The DoJ and the DHS have subpoenaed Peloton for "documents and other information related to the reporting of the injuries associated with our products".

Peloton Interactive  (PTON) - Get Free Report shares extended declines Friday after receiving subpoenas from the Department of Justice regarding the reporting of injuries linked to its fitness equipment products.

The news followed last night's wider-than-expected fourth quarter loss and details of a plan to slash the price of its flagship exercise bike for the second time this year.

Peloton added the the Department for Homeland Security also asked for "documents related to the reporting of the injuries associated with our products", including the Tread+ treadmill, in papers filed Friday with the Securities and Exchange Commission. The SEC, Peloton said, is "also investigating our public disclosures concerning these matters."
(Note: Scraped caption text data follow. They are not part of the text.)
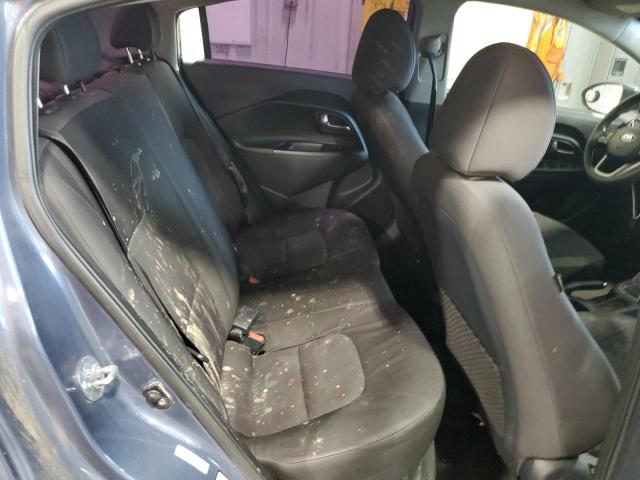 2016 KIA RIO LX - KNADM4A33G6539156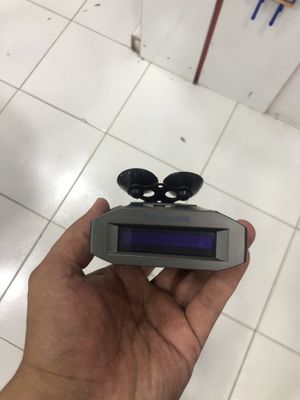 NEONLINE 7700s ishlatilgan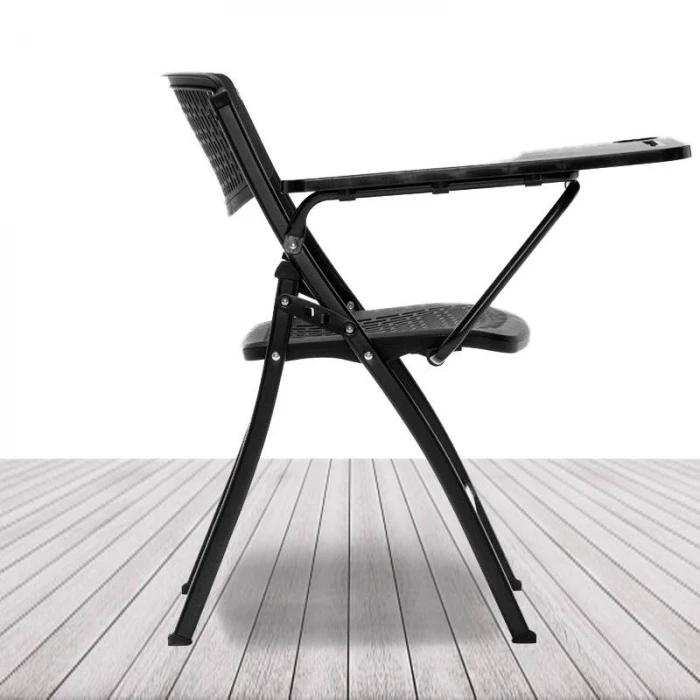 Silla Plegable SEUL de EUROMOF Con PALA vista 4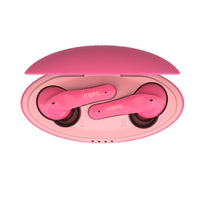 Belkin SoundForm Nano - Wireless Earbuds for Kids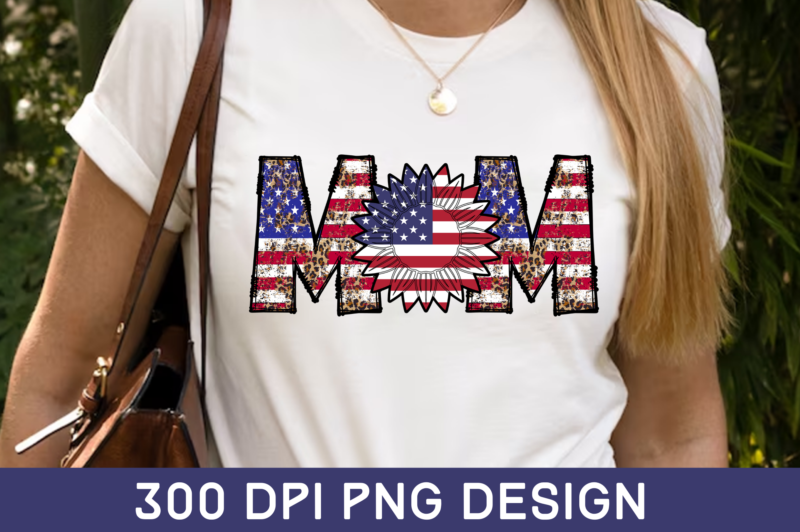 4TH OF JULY SUBLIMATION BUNDLE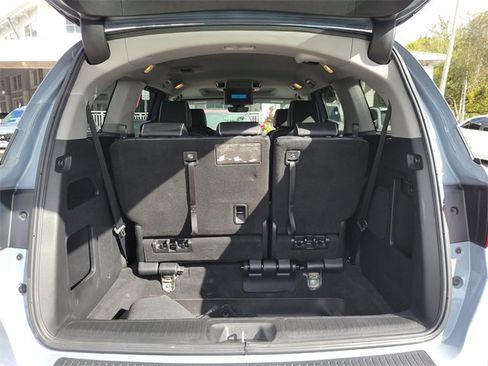 Used 2024 Honda Odyssey Elite image 5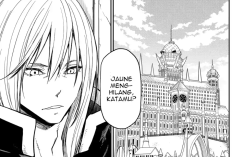 漫画転生したらスライムだった件 (Tensei Shitara Slime Datta Ken) 138話読書リンク、抵抗の準備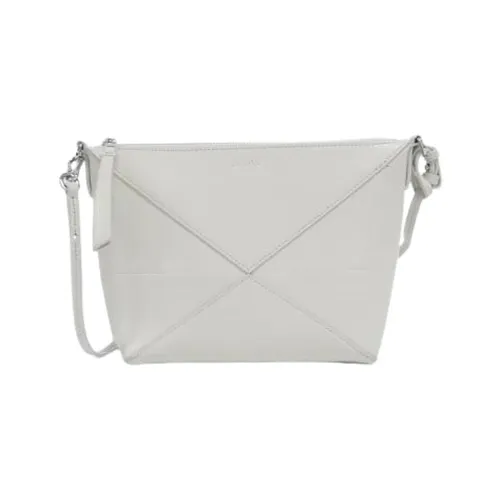 Pre-owned > Pre-owned Bags > Pre-owned Cross Body Bags - - Loewe Pre-owned - Modalova
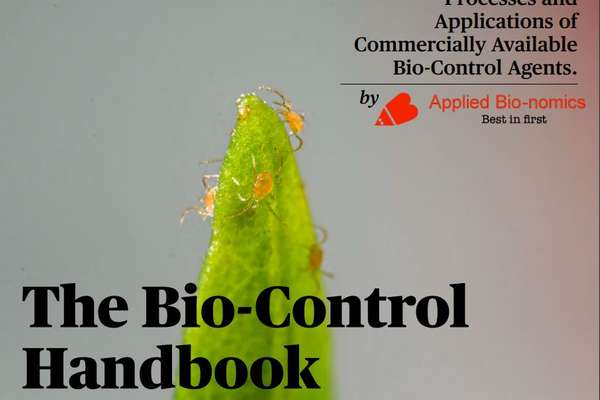 Bio Control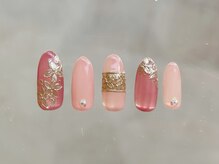 ソエルシー(soel sii)/定額デザイン　アート+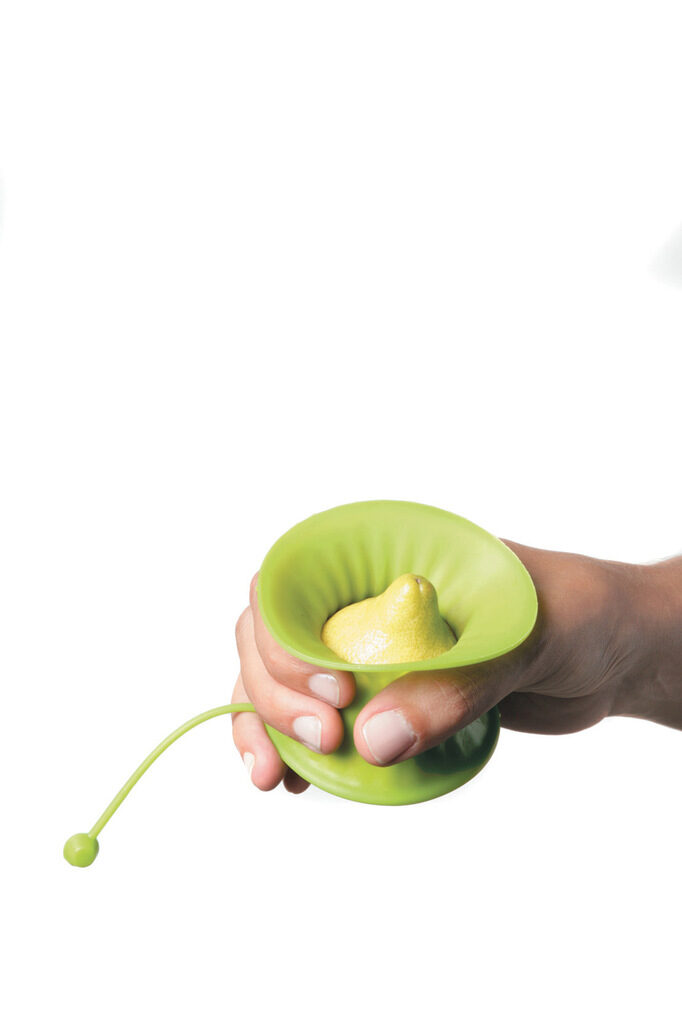 От изложбата Foodjects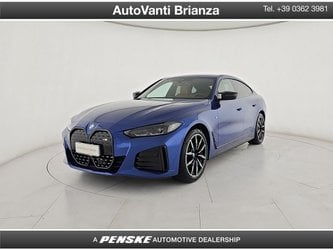 BMW I4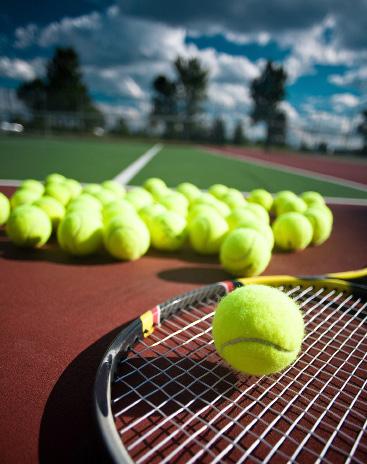 We Produce Champions The Atlantic Club Tennis Center is regarded as one of the best instructional tennis centers in the state.
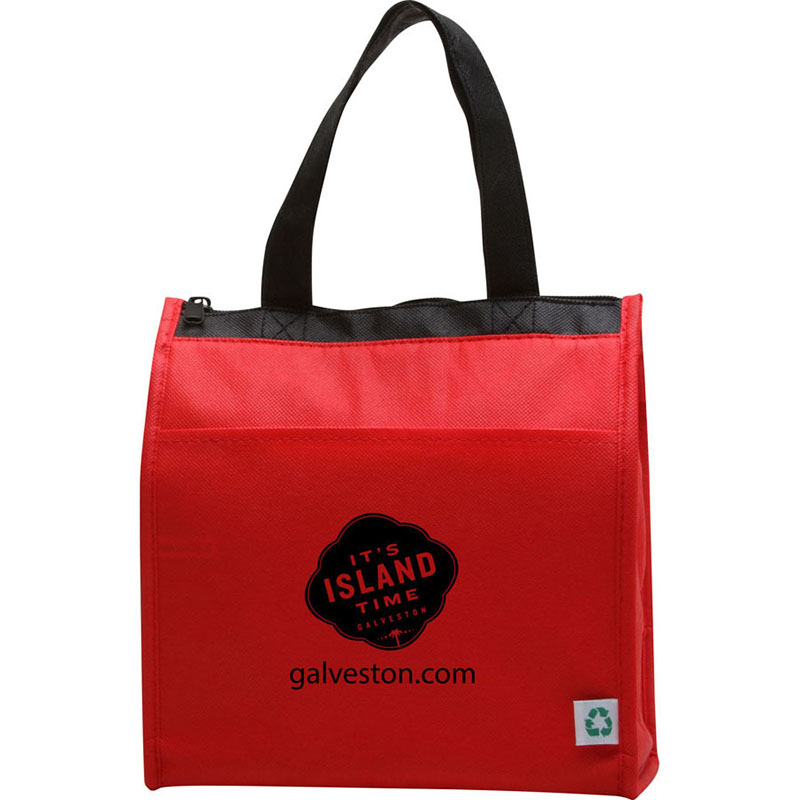 Lunch Sack - Small 3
Earlier this spring, the U.S. Consumer Product Safety Commission (CPSC) issued an 'urgent warning' linked to Peloton's Tread+, noting "multiple incidents of small children and a pet being injured beneath the machines" and adding that its "continuing to investigate all known incidents of injury or death related to the Peloton Tread+."

The warning followed an announcement from CEO John Foley revealed that a tragic accident involving the company's newly-released treadmill has resulted in the death of a young child.

Peloton shares were marked 7.75% lower in pre-market trading Friday to indicate an opening bell price of $105.25 each, a move that would extend the stock's year-to-date decline to around 30.5%.

Peloton reported a fourth-quarter net loss of $1.05 per share on revenue of $936.9 million, compared to a Street consensus forecast of a 44 cents per share loss sales of $929.6 billion.

Peloton announced that it is cutting the price of its original at-home exercise bike for the second time this year Thursday. Starting today, the company's core bike will cost $1,495, a nearly 20% reduction.

Monthly financing for the bike dropped $10 to $39 per month. While the company said the move was to make the bike's more attainable, it could be a sign that competition is increasing in the at-home workout market.